**Work item:** Restate word for word the lines between the start of the material and the line with "Foxboro M40G Pneumatic", keeping both of those ends and none of the pictures.
::: Provided data :::
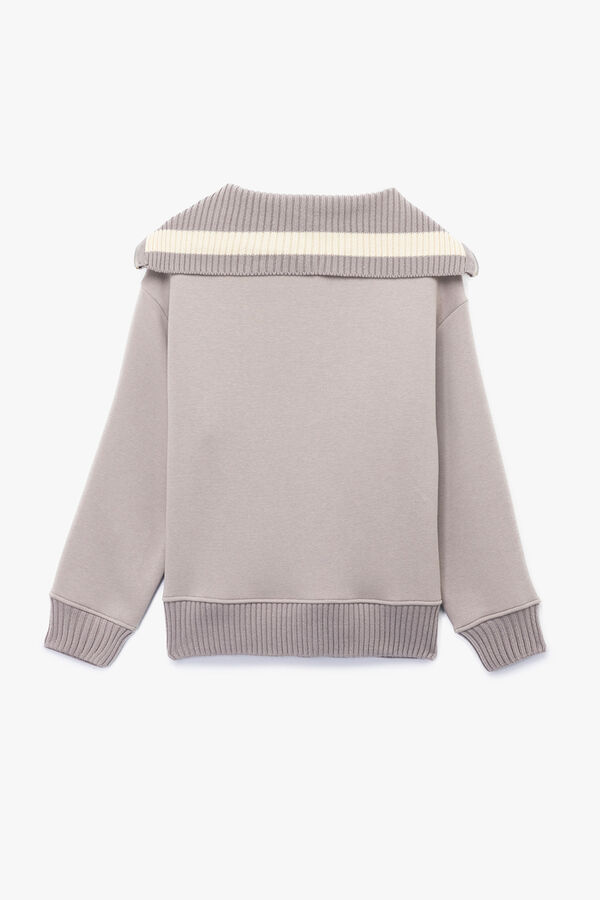 Koton Sudadera oversize gris
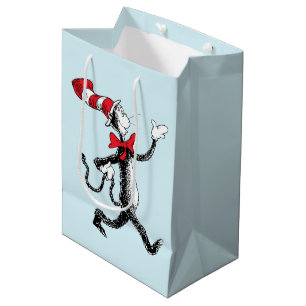 Dr. Seuss   Katze in der Hutkatze Mittlere Geschenktüte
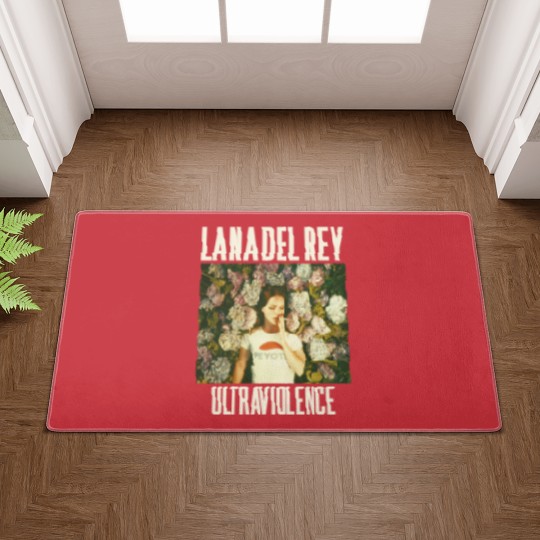 Discover Ultraviolence Lana Del Rey 2024 graphic Doormats unisex men women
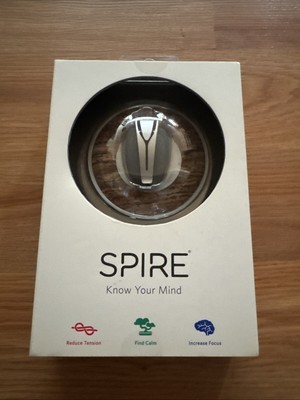 Spire  Activity Tracker Know Your Mind Tension, Calm, Focus Device New In Box!!!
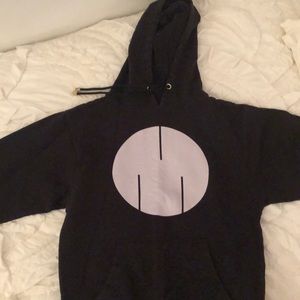 Black Jaden Smith msfts sweatshirt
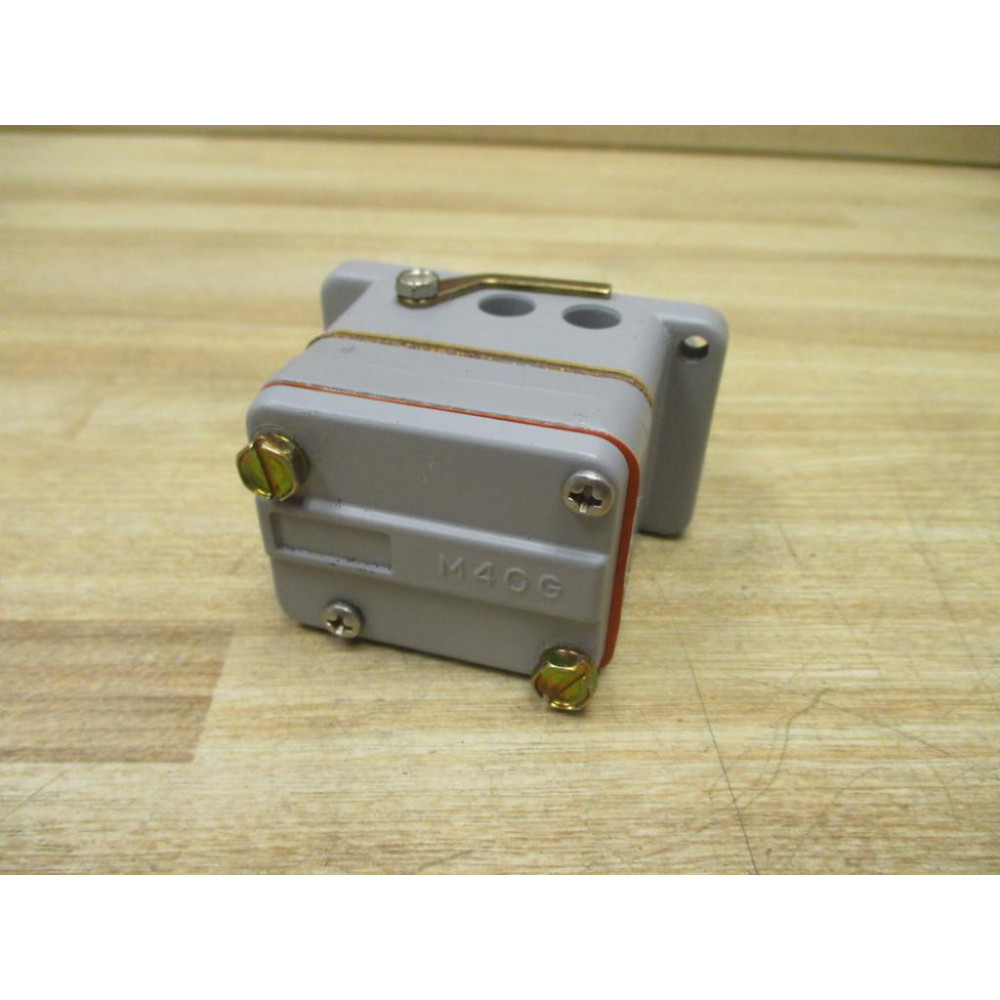 Foxboro M40G Pneumatic Relay Kit W 2 Ports - Used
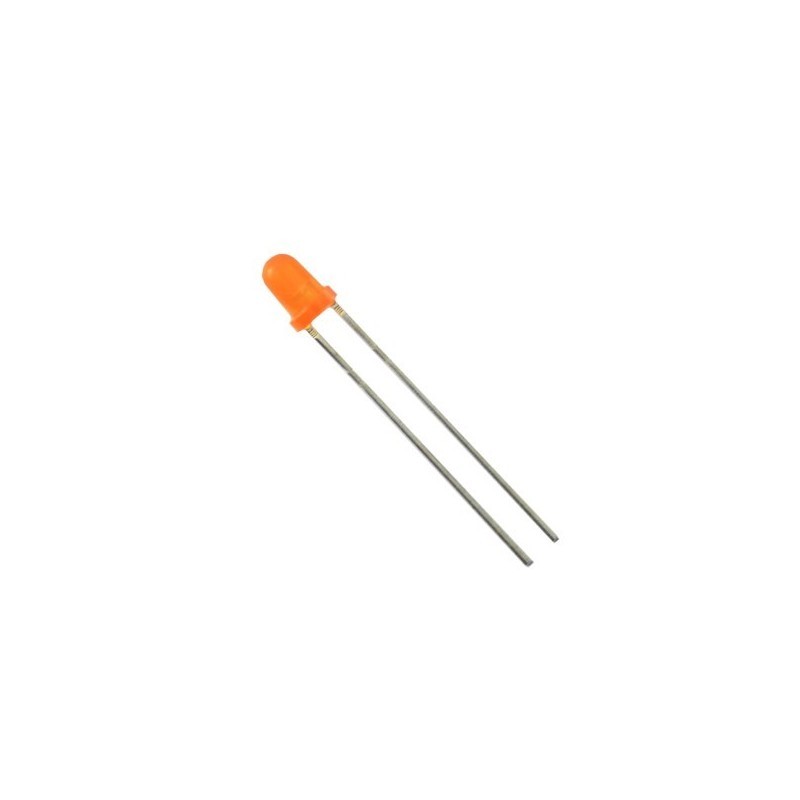 Diffused 3mm LED – Multi-Color (Assorted Options)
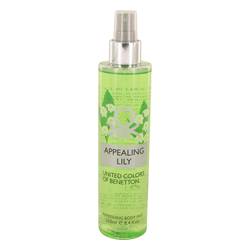 Appealing Lily Perfume By Benetton, 8.4 Oz Body Mist For Women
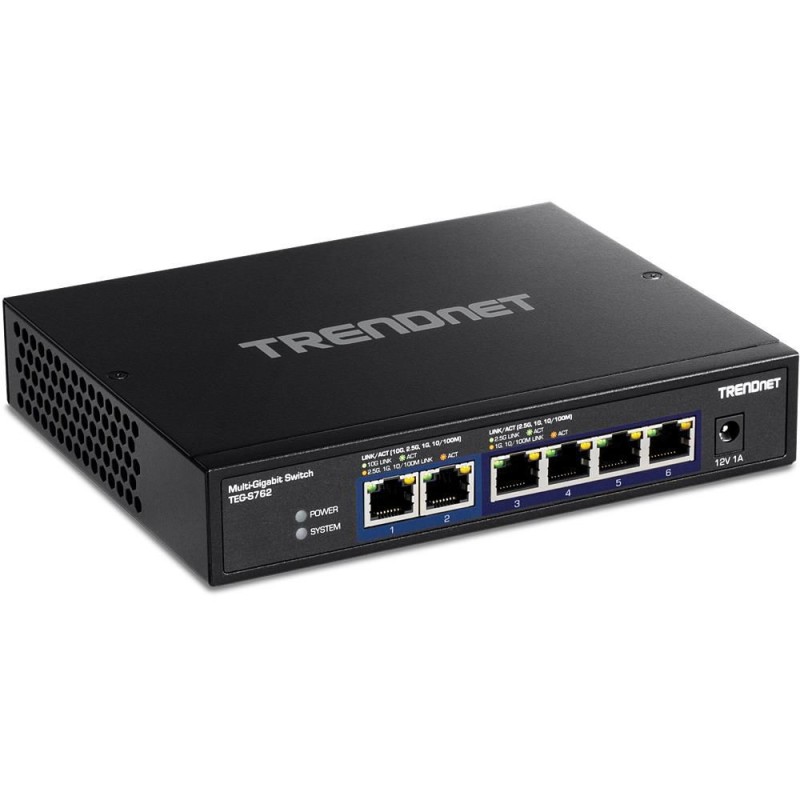 6-Port 10G Switch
:::
**Solved exercise:**
 Koton Sudadera oversize gris
 Dr. Seuss   Katze in der Hutkatze Mittlere Geschenktüte
 Discover Ultraviolence Lana Del Rey 2024 graphic Doormats unisex men women
 Spire  Activity Tracker Know Your Mind Tension, Calm, Focus Device New In Box!!!
 Black Jaden Smith msfts sweatshirt
 Foxboro M40G Pneumatic Relay Kit W 2 Ports - Used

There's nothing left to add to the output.